| TASK GOAL |
In the records below, print each line exactly and leave every image out.

| INFORMATION SHOWN |

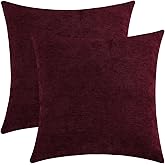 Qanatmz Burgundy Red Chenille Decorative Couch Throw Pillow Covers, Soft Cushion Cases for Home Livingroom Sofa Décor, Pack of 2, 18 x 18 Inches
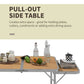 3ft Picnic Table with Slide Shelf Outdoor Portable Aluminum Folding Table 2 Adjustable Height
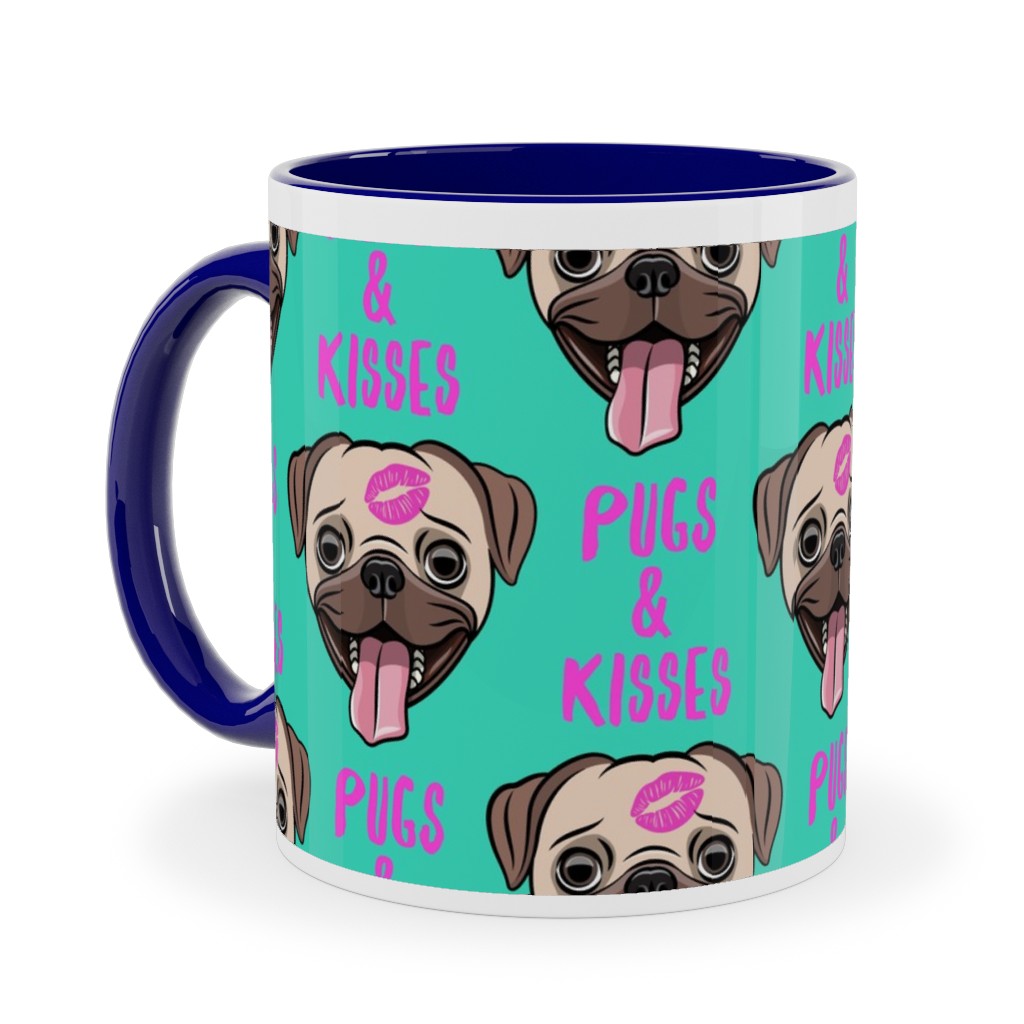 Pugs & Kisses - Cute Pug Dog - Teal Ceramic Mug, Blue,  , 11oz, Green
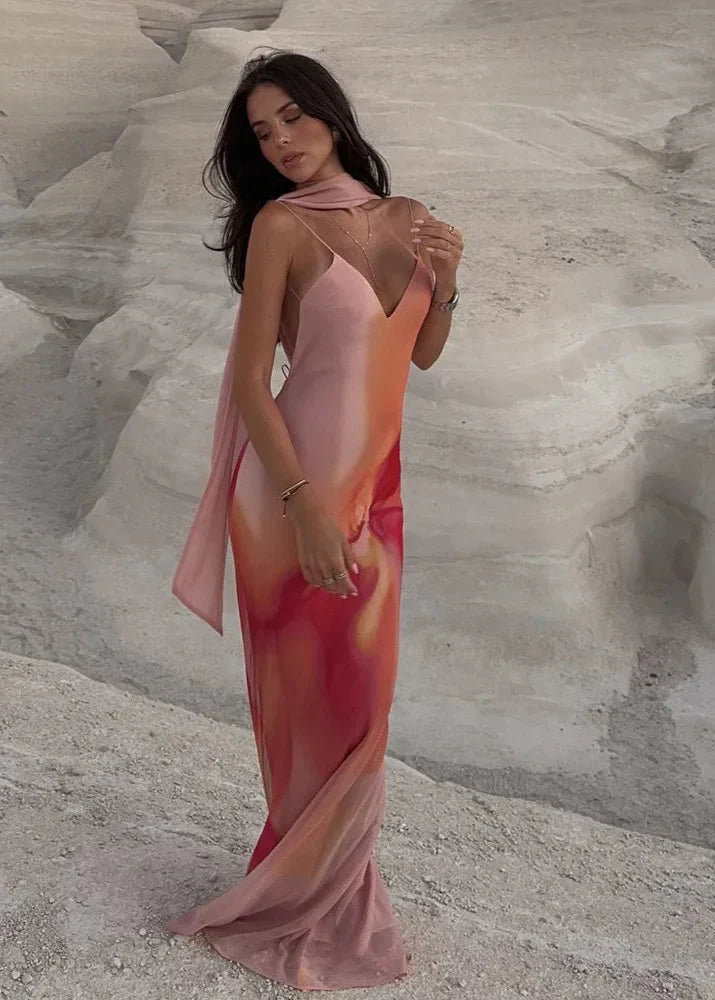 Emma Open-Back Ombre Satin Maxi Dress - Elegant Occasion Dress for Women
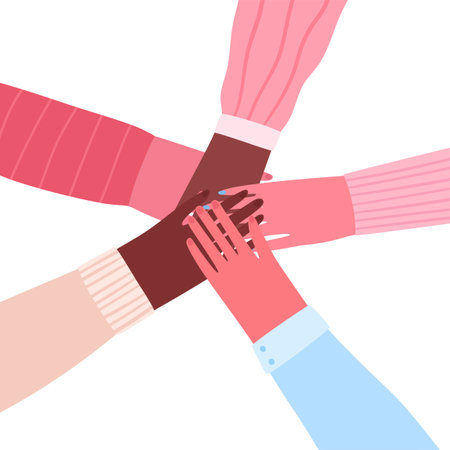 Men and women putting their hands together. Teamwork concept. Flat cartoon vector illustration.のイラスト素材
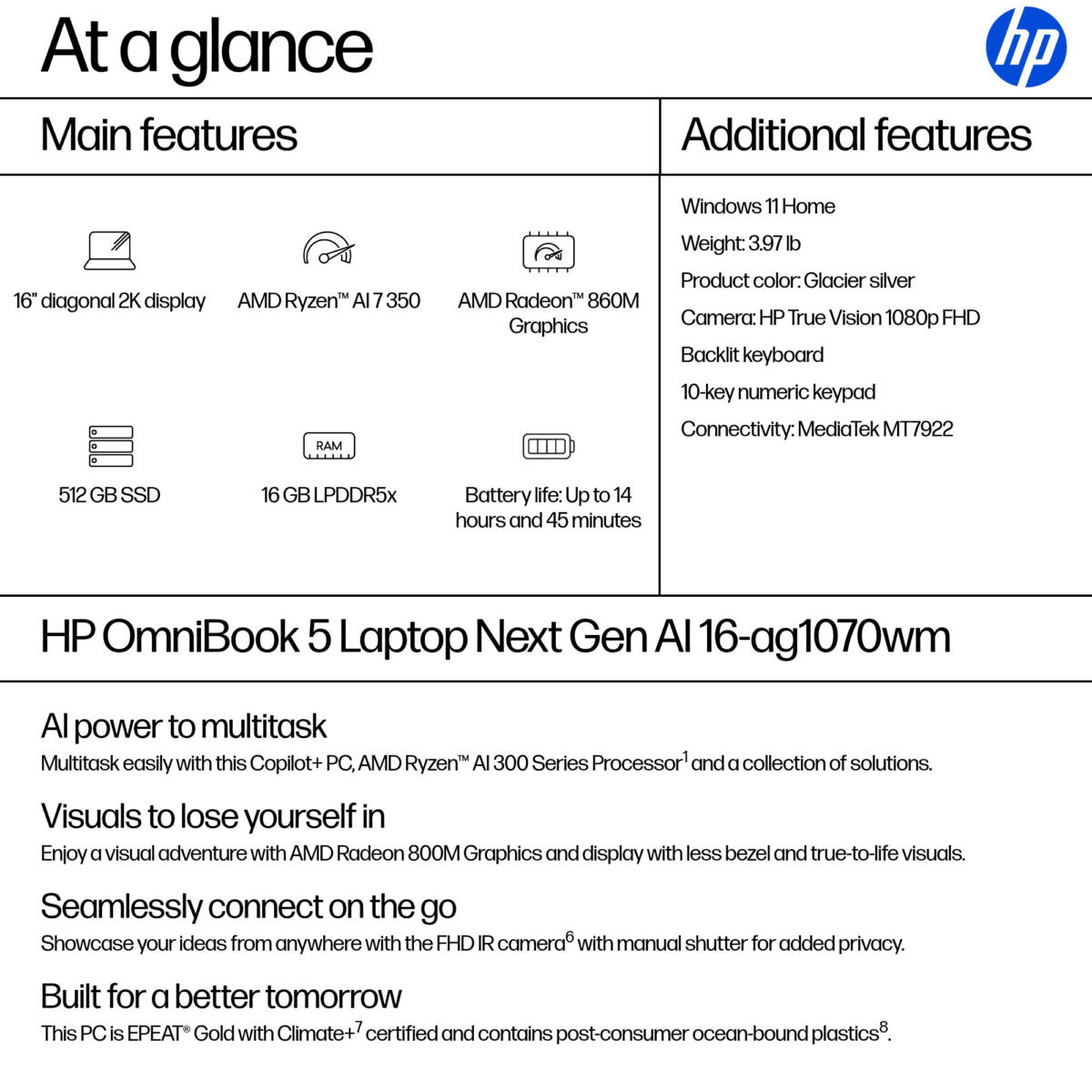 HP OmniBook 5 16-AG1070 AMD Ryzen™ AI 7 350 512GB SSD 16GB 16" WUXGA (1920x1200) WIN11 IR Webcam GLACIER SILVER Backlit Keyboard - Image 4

| REPLY |
 Qanatmz Burgundy Red Chenille Decorative Couch Throw Pillow Covers, Soft Cushion Cases for Home Livingroom Sofa Décor, Pack of 2, 18 x 18 Inches
 3ft Picnic Table with Slide Shelf Outdoor Portable Aluminum Folding Table 2 Adjustable Height
 Pugs & Kisses - Cute Pug Dog - Teal Ceramic Mug, Blue,  , 11oz, Green
 Emma Open-Back Ombre Satin Maxi Dress - Elegant Occasion Dress for Women
 Men and women putting their hands together. Teamwork concept. Flat cartoon vector illustration.のイラスト素材
 HP OmniBook 5 16-AG1070 AMD Ryzen™ AI 7 350 512GB SSD 16GB 16" WUXGA (1920x1200) WIN11 IR Webcam GLACIER SILVER Backlit Keyboard - Image 4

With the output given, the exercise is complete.